## What to work on
Each entry is to be retyped without alteration, and no picture is to be included.

## Records supplied
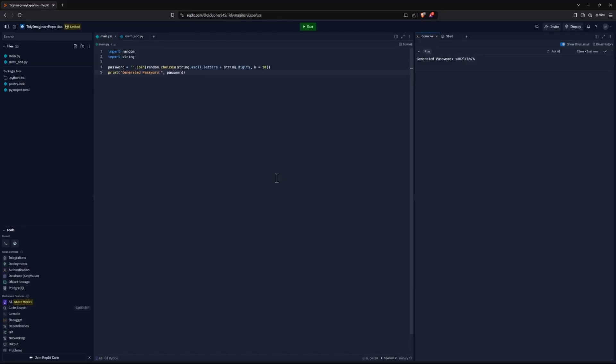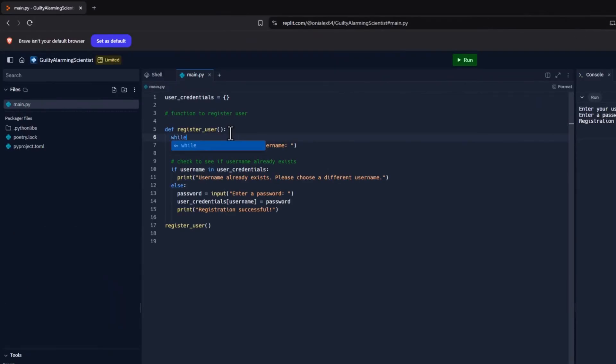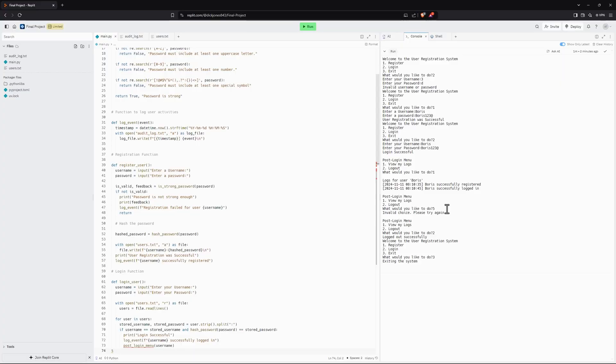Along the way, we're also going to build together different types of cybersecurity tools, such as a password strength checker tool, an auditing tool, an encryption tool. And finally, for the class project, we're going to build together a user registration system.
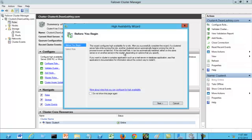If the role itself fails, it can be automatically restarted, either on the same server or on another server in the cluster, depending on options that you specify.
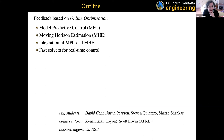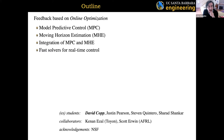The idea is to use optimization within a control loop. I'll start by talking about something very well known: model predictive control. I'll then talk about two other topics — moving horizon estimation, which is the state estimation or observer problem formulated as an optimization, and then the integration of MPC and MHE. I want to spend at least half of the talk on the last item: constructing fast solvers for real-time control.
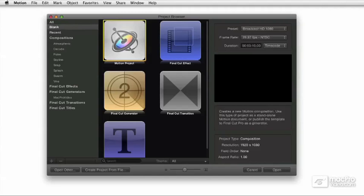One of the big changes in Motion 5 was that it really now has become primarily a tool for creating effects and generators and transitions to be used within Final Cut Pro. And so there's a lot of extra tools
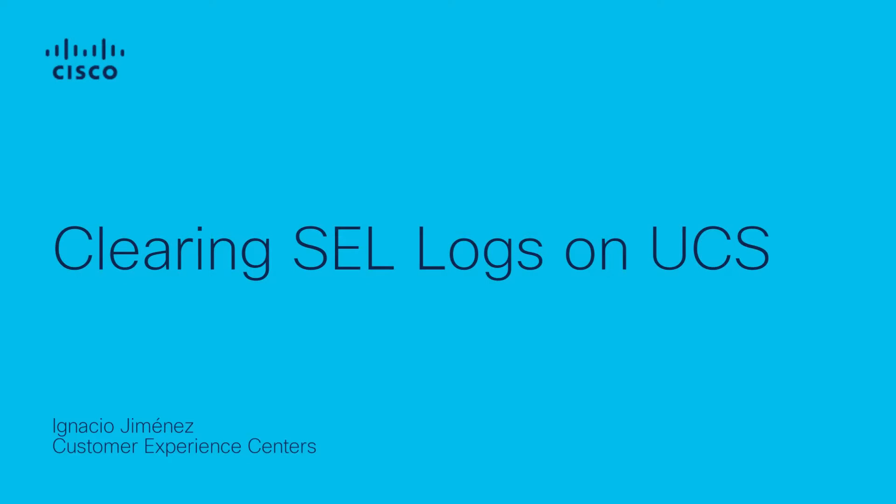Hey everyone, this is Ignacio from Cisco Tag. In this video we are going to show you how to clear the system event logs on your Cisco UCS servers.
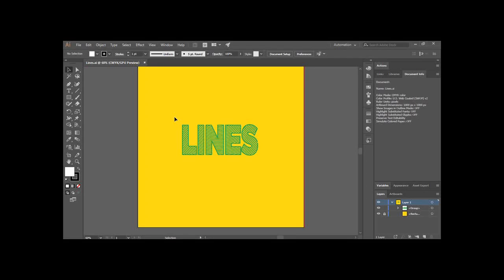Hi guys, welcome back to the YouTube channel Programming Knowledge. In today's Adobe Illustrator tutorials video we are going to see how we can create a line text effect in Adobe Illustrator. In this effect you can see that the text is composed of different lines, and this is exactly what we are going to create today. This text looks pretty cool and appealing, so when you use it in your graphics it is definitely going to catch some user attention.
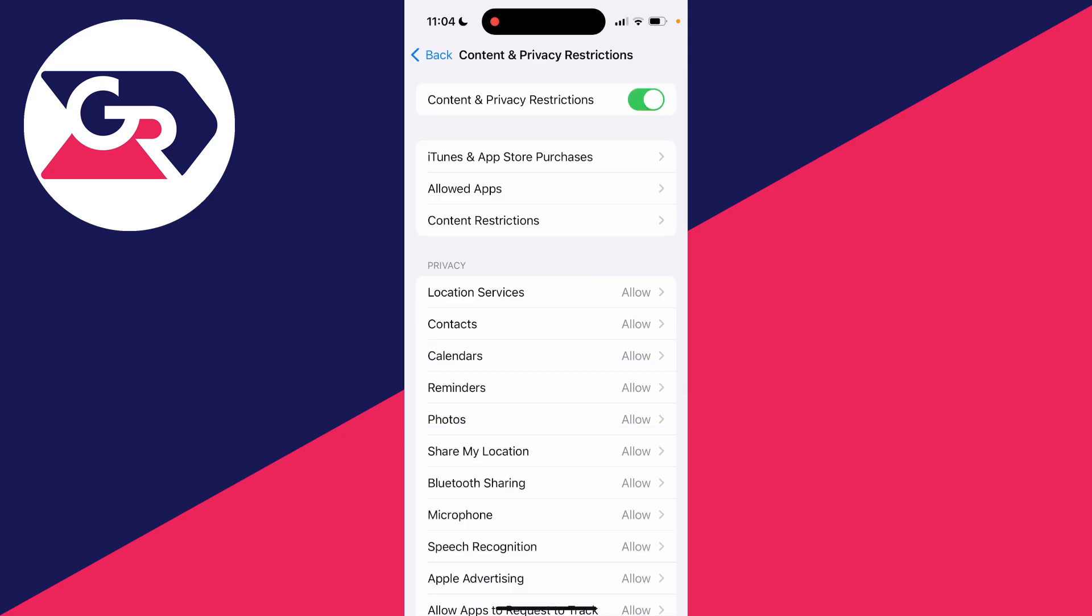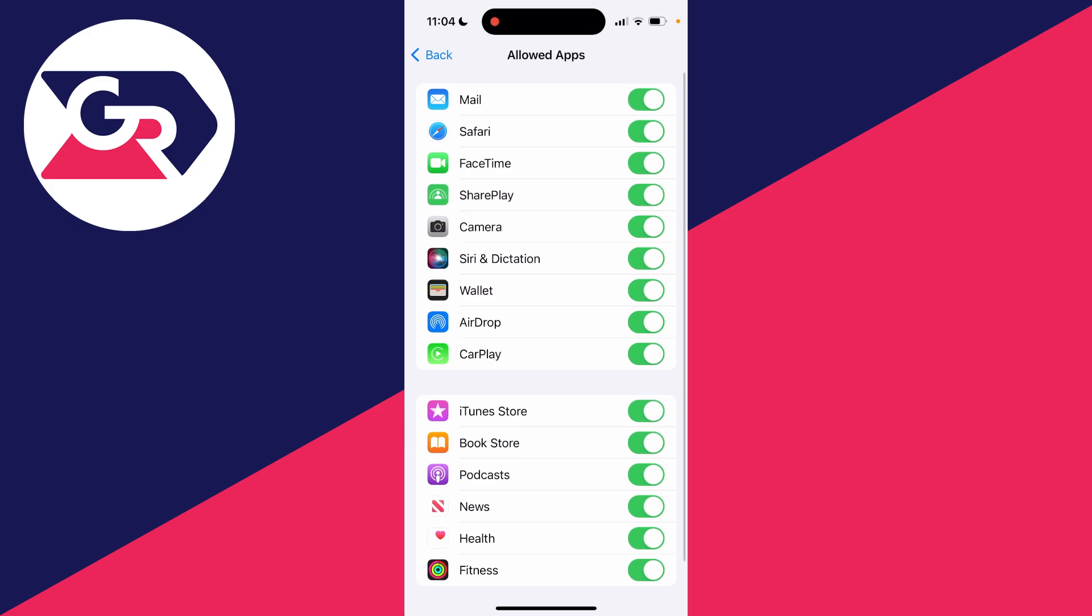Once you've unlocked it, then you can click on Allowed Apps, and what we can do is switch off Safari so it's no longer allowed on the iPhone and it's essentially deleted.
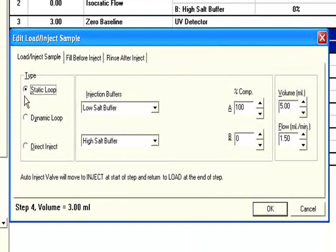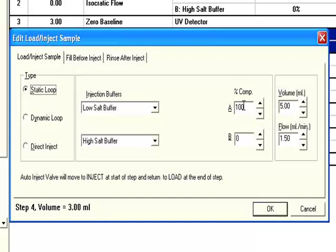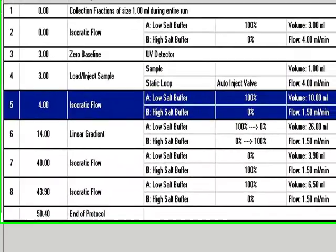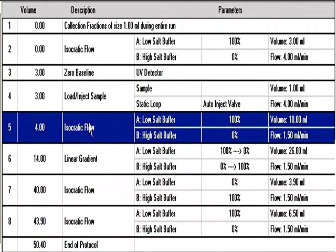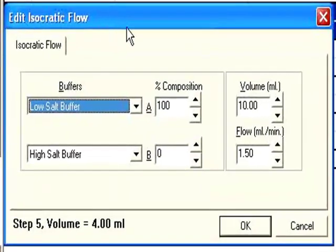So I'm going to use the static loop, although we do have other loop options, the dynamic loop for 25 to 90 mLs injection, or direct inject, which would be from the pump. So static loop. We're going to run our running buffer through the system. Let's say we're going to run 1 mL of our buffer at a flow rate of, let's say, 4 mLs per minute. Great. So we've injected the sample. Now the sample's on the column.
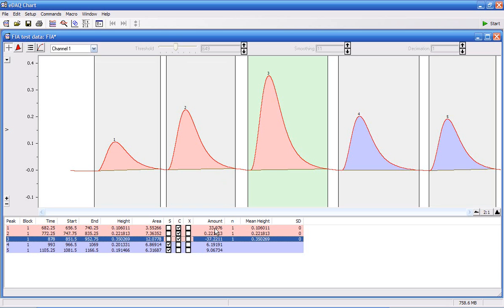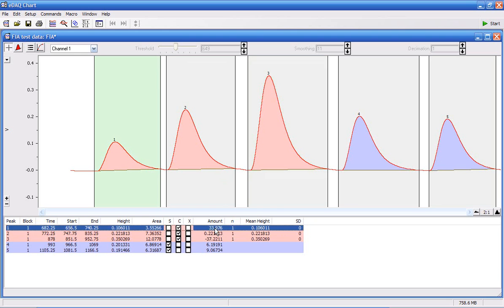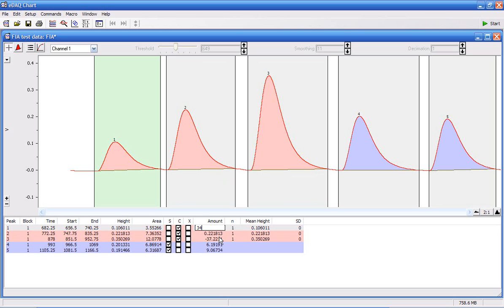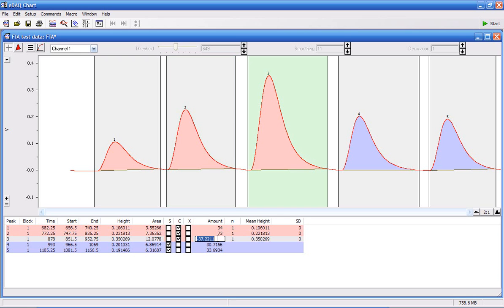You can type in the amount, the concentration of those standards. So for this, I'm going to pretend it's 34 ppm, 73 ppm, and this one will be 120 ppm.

## Answer box
Along the way, we're also going to build together different types of cybersecurity tools, such as a password strength checker tool, an auditing tool, an encryption tool. And finally, for the class project, we're going to build together a user registration system.
If the role itself fails, it can be automatically restarted, either on the same server or on another server in the cluster, depending on options that you specify.
The idea is to use optimization within a control loop. I'll start by talking about something very well known: model predictive control. I'll then talk about two other topics — moving horizon estimation, which is the state estimation or observer problem formulated as an optimization, and then the integration of MPC and MHE. I want to spend at least half of the talk on the last item: constructing fast solvers for real-time control.
One of the big changes in Motion 5 was that it really now has become primarily a tool for creating effects and generators and transitions to be used within Final Cut Pro. And so there's a lot of extra tools
Hey everyone, this is Ignacio from Cisco Tag. In this video we are going to show you how to clear the system event logs on your Cisco UCS servers.
Hi guys, welcome back to the YouTube channel Programming Knowledge. In today's Adobe Illustrator tutorials video we are going to see how we can create a line text effect in Adobe Illustrator. In this effect you can see that the text is composed of different lines, and this is exactly what we are going to create today. This text looks pretty cool and appealing, so when you use it in your graphics it is definitely going to catch some user attention.
Once you've unlocked it, then you can click on Allowed Apps, and what we can do is switch off Safari so it's no longer allowed on the iPhone and it's essentially deleted.
So I'm going to use the static loop, although we do have other loop options, the dynamic loop for 25 to 90 mLs injection, or direct inject, which would be from the pump. So static loop. We're going to run our running buffer through the system. Let's say we're going to run 1 mL of our buffer at a flow rate of, let's say, 4 mLs per minute. Great. So we've injected the sample. Now the sample's on the column.
You can type in the amount, the concentration of those standards. So for this, I'm going to pretend it's 34 ppm, 73 ppm, and this one will be 120 ppm.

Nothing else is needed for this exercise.